> **Problem statement**: Within the records below, find the line with "Obraz premium A" and the line with "Hand-placed gold crystals", then reproduce exactly those two lines and all lines between them, without any picture.

> **Provided data**:
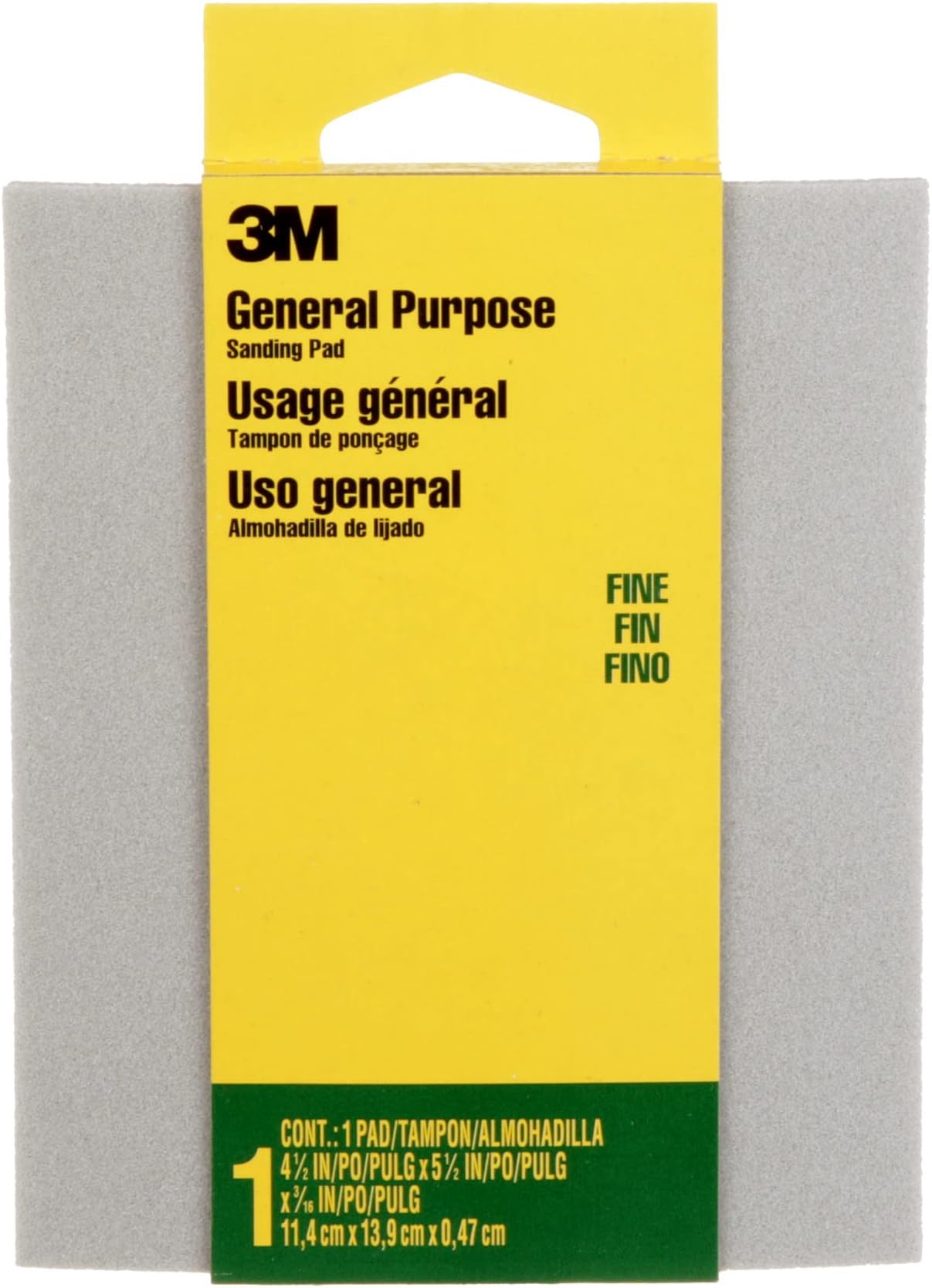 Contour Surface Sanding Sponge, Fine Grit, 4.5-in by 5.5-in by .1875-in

...

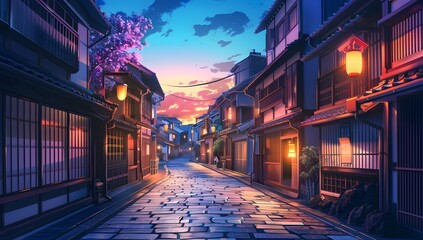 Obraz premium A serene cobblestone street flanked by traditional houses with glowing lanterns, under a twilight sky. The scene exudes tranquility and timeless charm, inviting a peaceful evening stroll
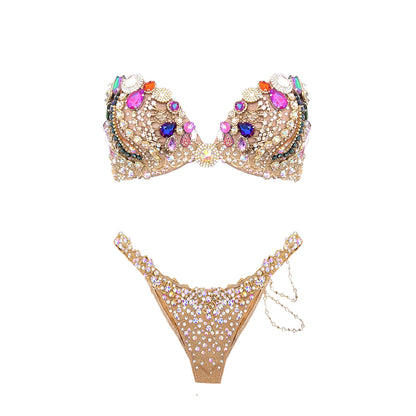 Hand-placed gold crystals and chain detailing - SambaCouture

> **Task output**:
 Obraz premium A serene cobblestone street flanked by traditional houses with glowing lanterns, under a twilight sky. The scene exudes tranquility and timeless charm, inviting a peaceful evening stroll
 Hand-placed gold crystals and chain detailing - SambaCouture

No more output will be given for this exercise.